## [EXERCISE]
Copy out the data below from the line containing "A black YETI" to the line containing "Group of seven", both lines included, with all images left out.

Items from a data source
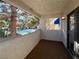 A cozy balcony with a view of the community pool and mature trees, perfect for relaxing at 101 Luna Way # 222, Las Vegas, NV 89145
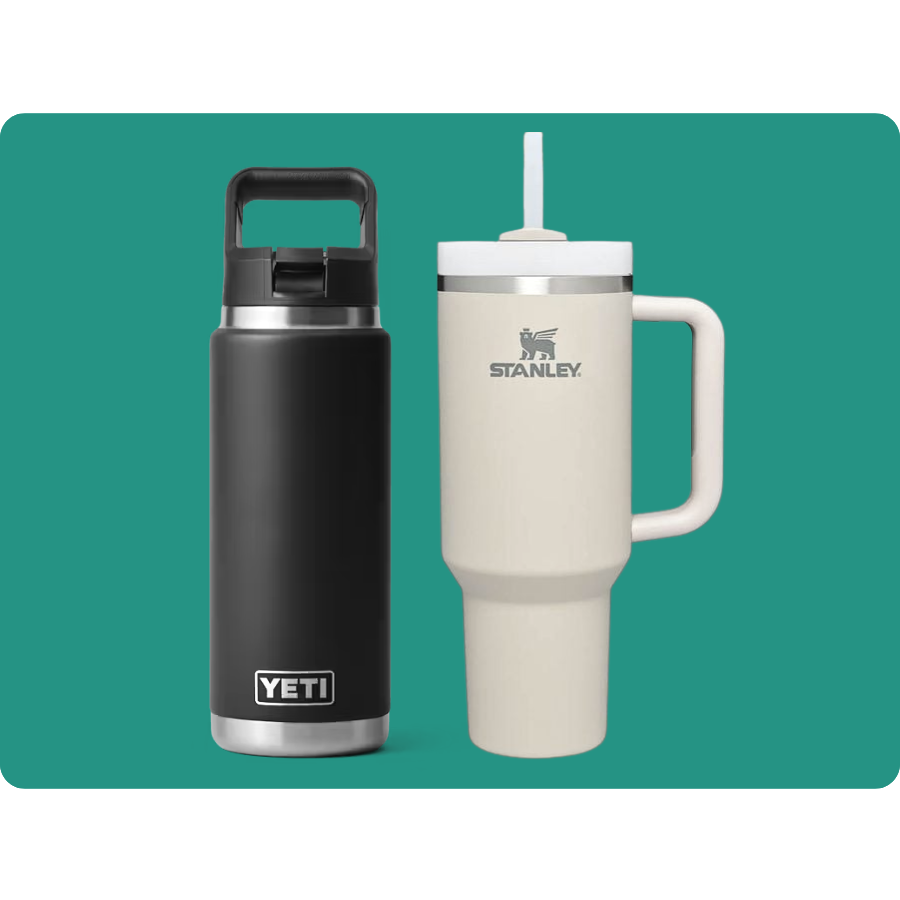 A black YETI bottle with a handle and a cream-colored Stanley cup with a straw and handle are shown side by side.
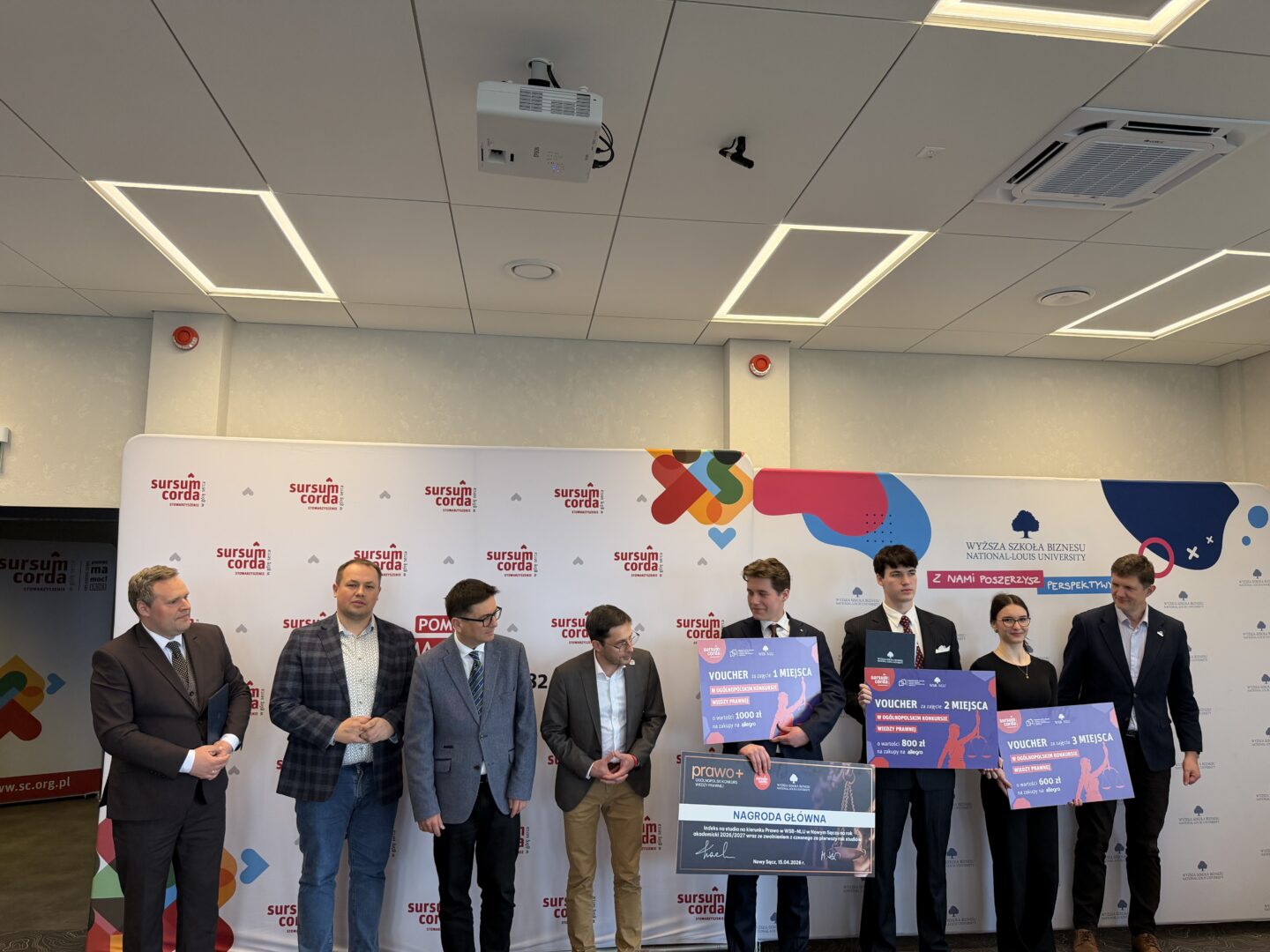 Group of seven people in business attire posing on stage with oversized vouchers and a large check, standing in front of a branded backdrop at an awards event.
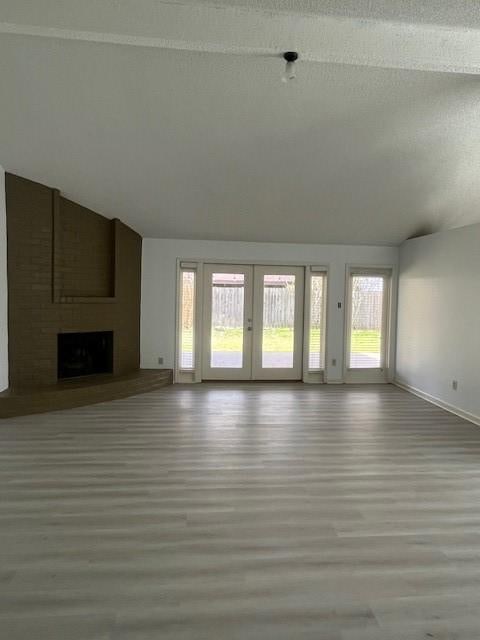 unfurnished living room with a textured ceiling, wood finished floors, vaulted ceiling, french doors, and a brick fireplace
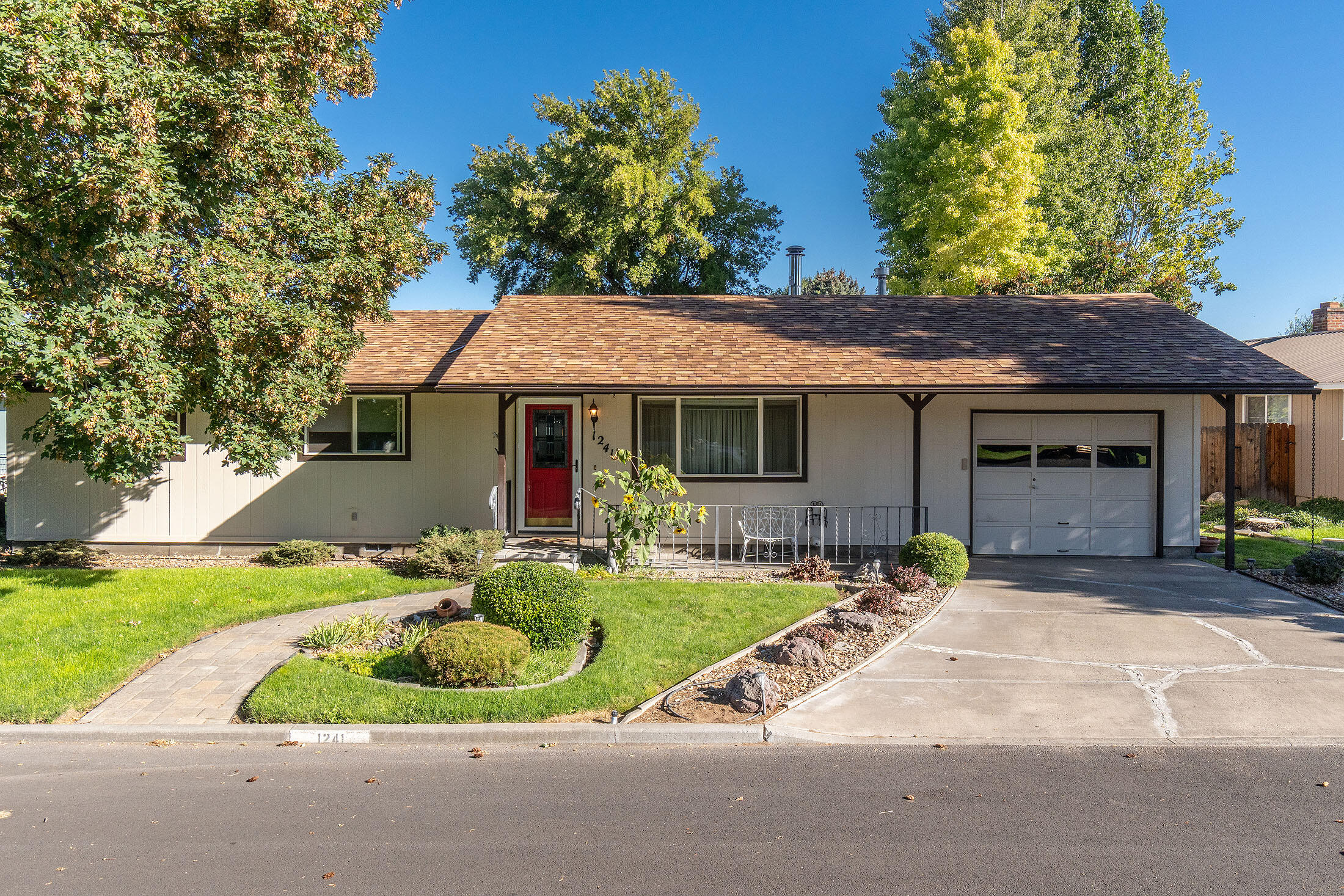 Move In Ready! Single-Level Home with Spacious Backyard & RV Parking! Welcome to this well-maintained and landscaped, 3-bedroom, 2-bath home located in Hidden Springs on Knowledge Street—just minutes from schools, shopping, & medical facilities. Quality construction w/ mostly updated flooring & Corian counters in kitchen, this home offers both comfort and convenience. Enjoy cozy evenings by the wood stove or stay perfectly climate-controlled year-round w/ a gas furnace & central AC Unit. The expansive master suite is a true retreat, featuring a lg master bath w/ beautifully tiled walk-in shower, generous walk-in closet & sky light for natural lighting. Step outside to a large fenced backyard with a garden area, covered pergola with electric awning, and storage shed. The property includes an irrigation well, city water & sewer, w/ alley access providing ample space to park your RVs or recreational toys. Most all furnishings negotiable. This home checks all the boxes—come see today!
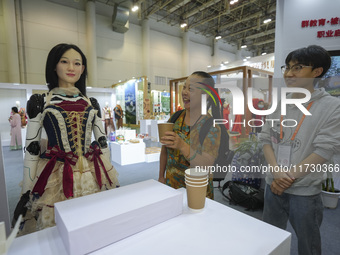 An audience speaks with an embodied robot in Xiamen, China, on November 1, 2024. (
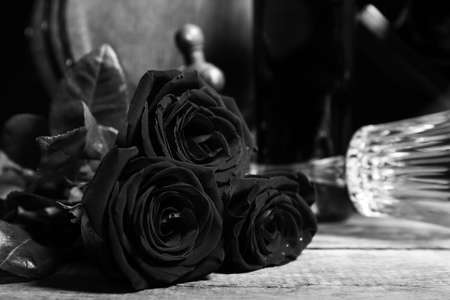Beautiful roses on wooden table, closeupの写真素材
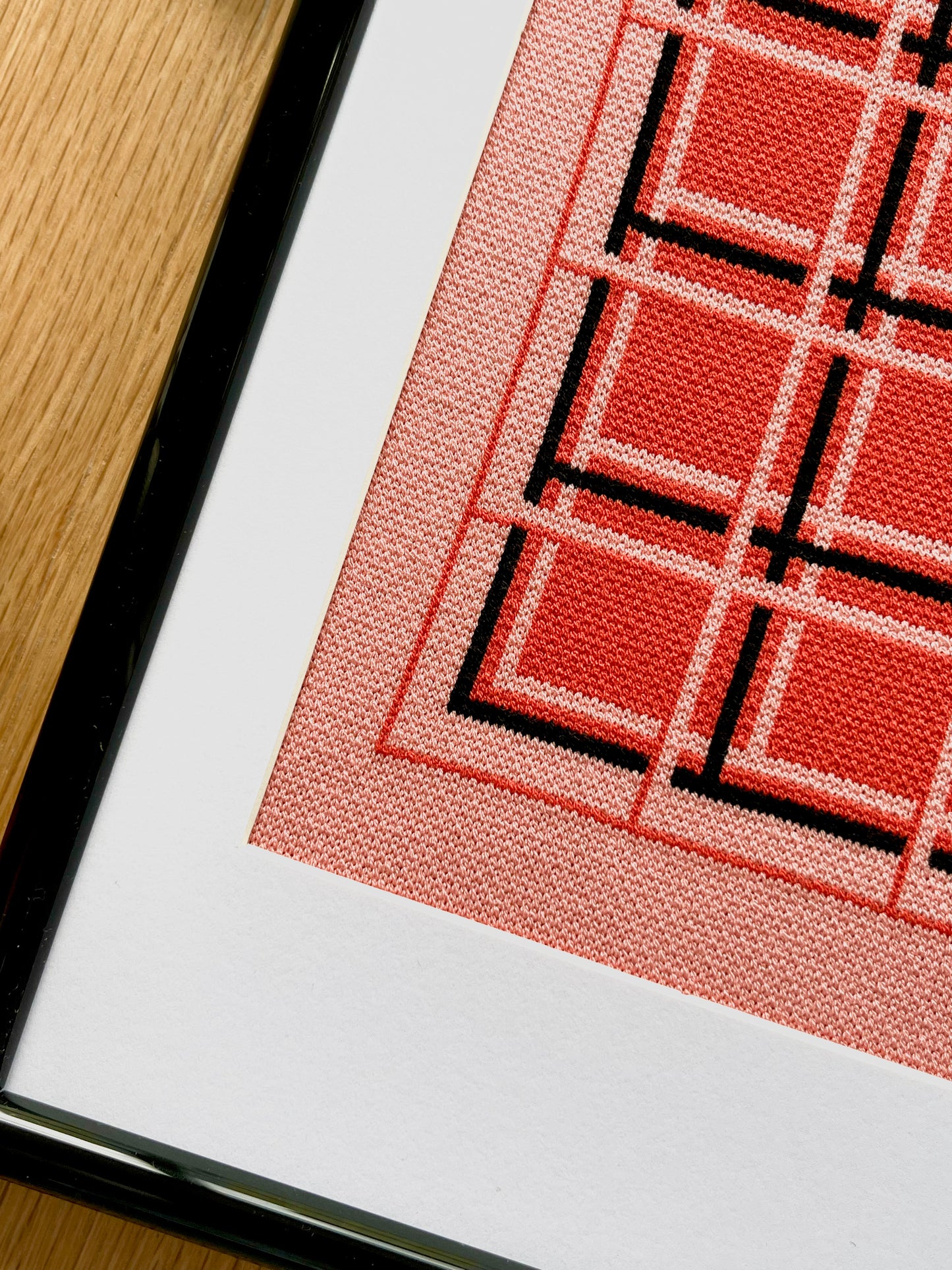 Close-up of a framed textile with red and black geometric pattern on a wooden surface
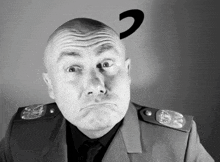 a bald man with a question mark on his head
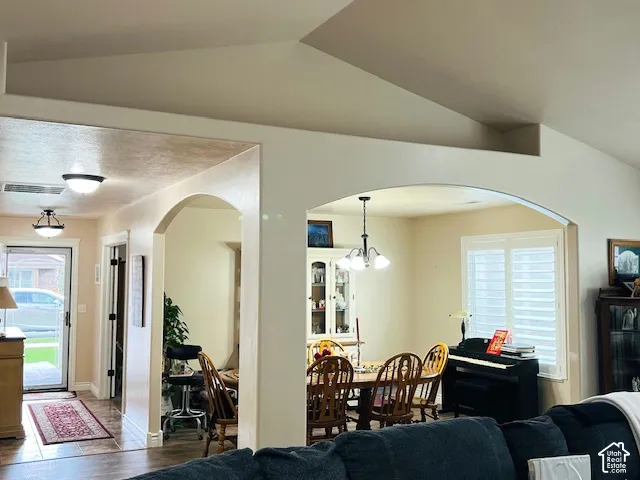Vaulted ceilings, arched wall openings, neutral interior paint, and window shutters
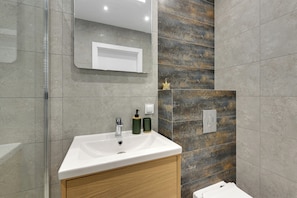 A modern bathroom with a white sink, wooden cabinet, and a mirror above it. - Plac Unii by Grand Apartments (Gdynia)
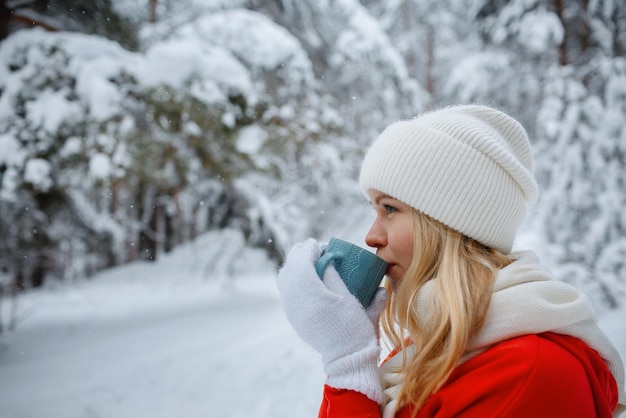 Ein Mädchen im Winterwald, eine Blondine in roten Kleidern, ein lustiger Spaziergang in der Natur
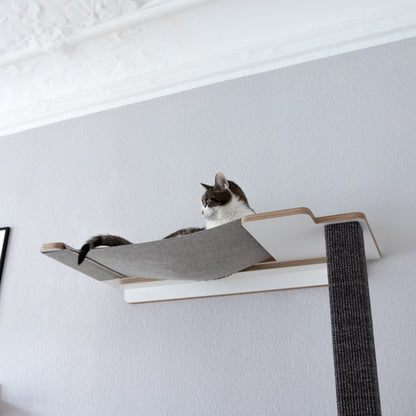 Eine Katze entspannt auf der Hängematte eines Kletter-Kratzstammes.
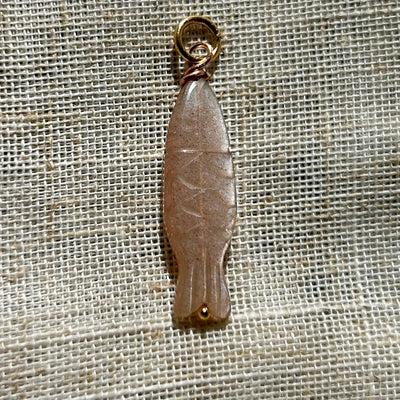 Peach moonstone pendant with gold ring on a textured beige background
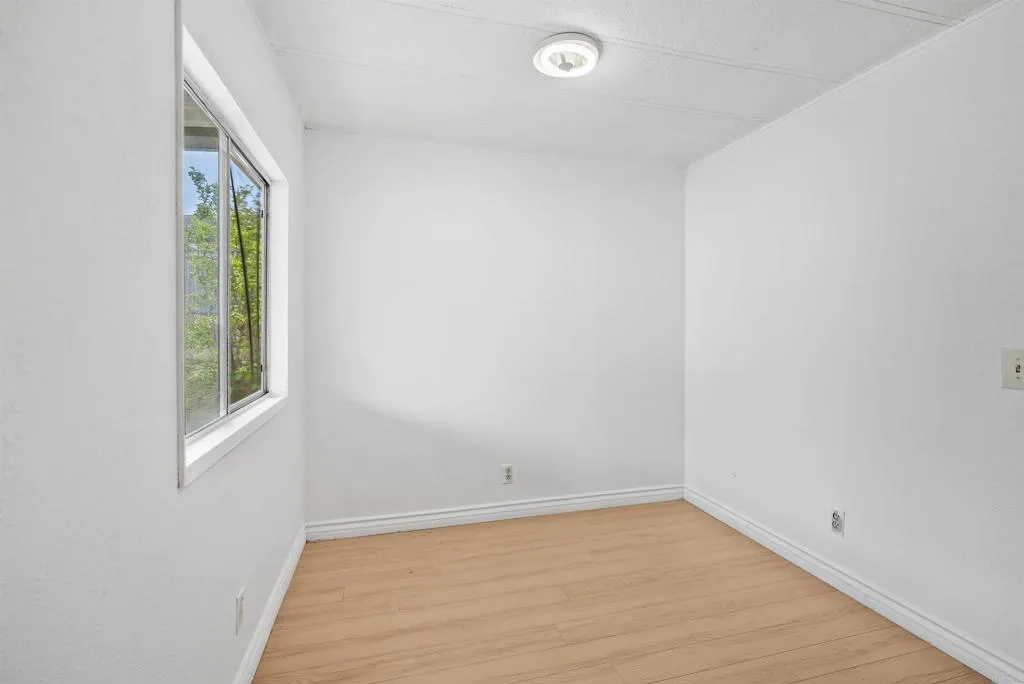 1455 Alturas Street, Unit 41 Fallbrook, CA 92028 - Photo 35 of 52 an empty room with a window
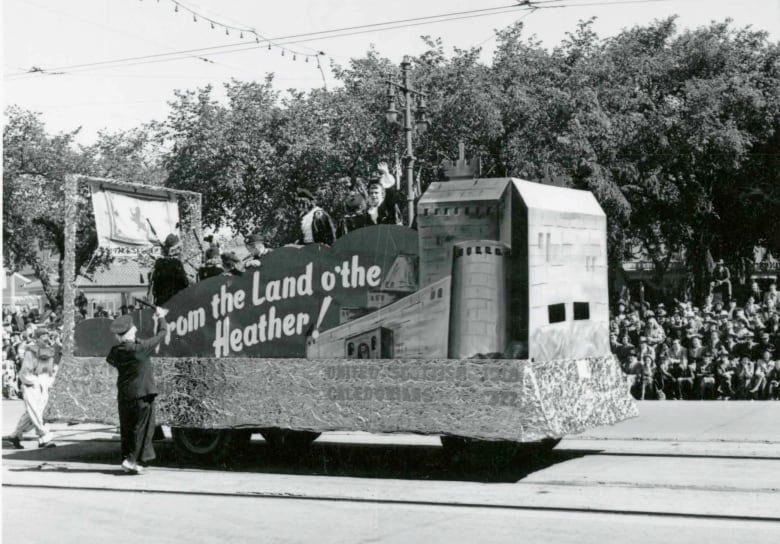 A black and white photo of a parade float with the image of a castle 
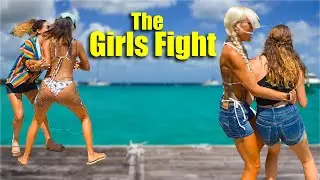 The girls try to throw eachother off the dock!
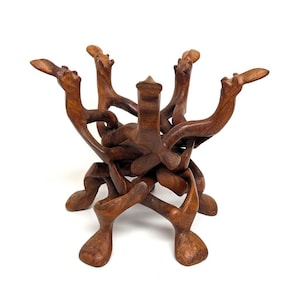 May include: A handcrafted wooden decorative stand with a unique, intertwined design. The stand is made of dark brown wood and features multiple curved arms and legs, creating an artistic and functional piece. The stand is designed to hold a bowl or other decorative items.
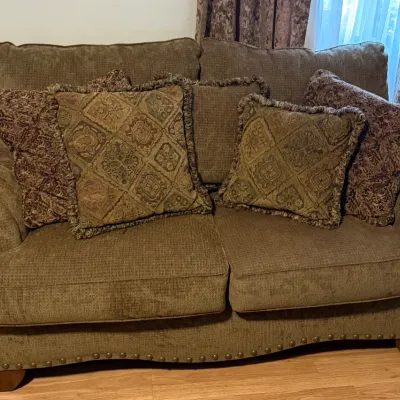 Sale Photo Thumbnail #79: Plush, olive green upholstered loveseat featuring rolled arms, brass nailhead trim along the base, and an assortment of patterned accent pillows.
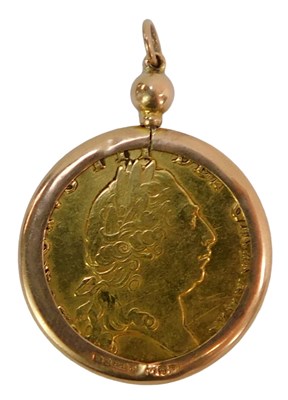 Lot 11 - A George III gold spade guinea, 1794, later...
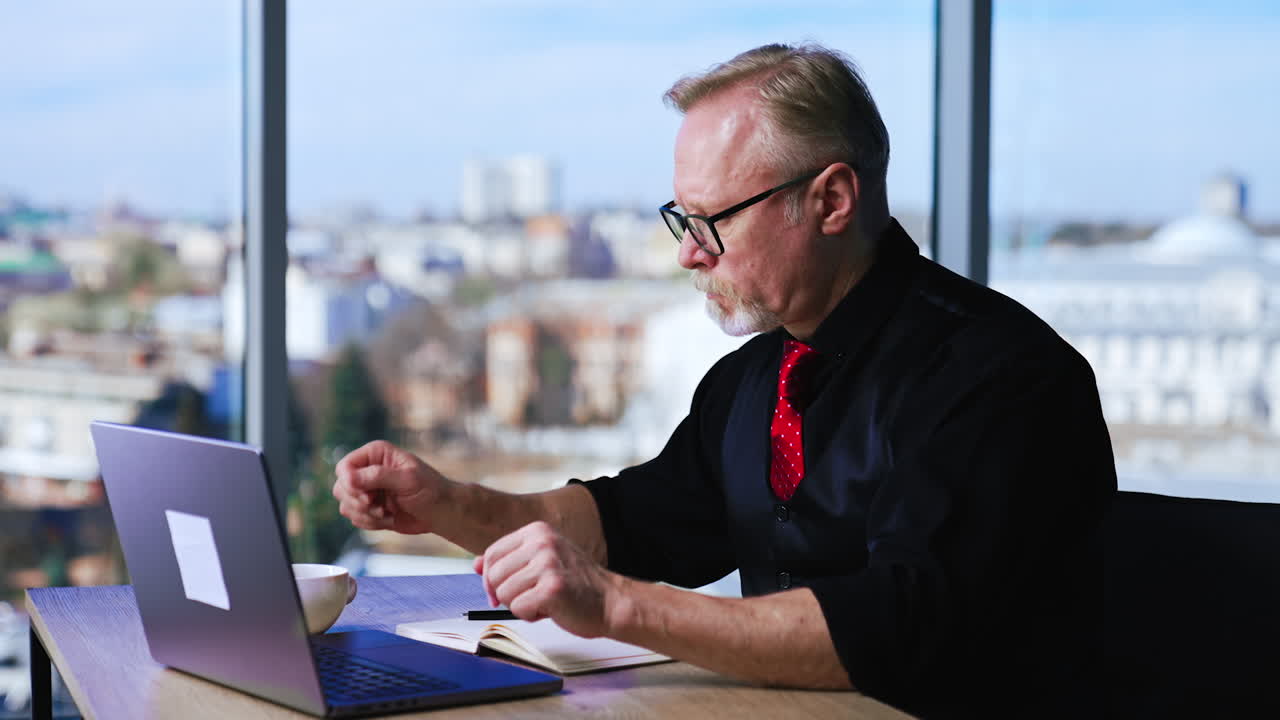 Career-oriented mature man types on his laptop in office. Boss looks at computer screen drinking coffee.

## [EXERCISE RESPONSE]
 A black YETI bottle with a handle and a cream-colored Stanley cup with a straw and handle are shown side by side.
 Group of seven people in business attire posing on stage with oversized vouchers and a large check, standing in front of a branded backdrop at an awards event.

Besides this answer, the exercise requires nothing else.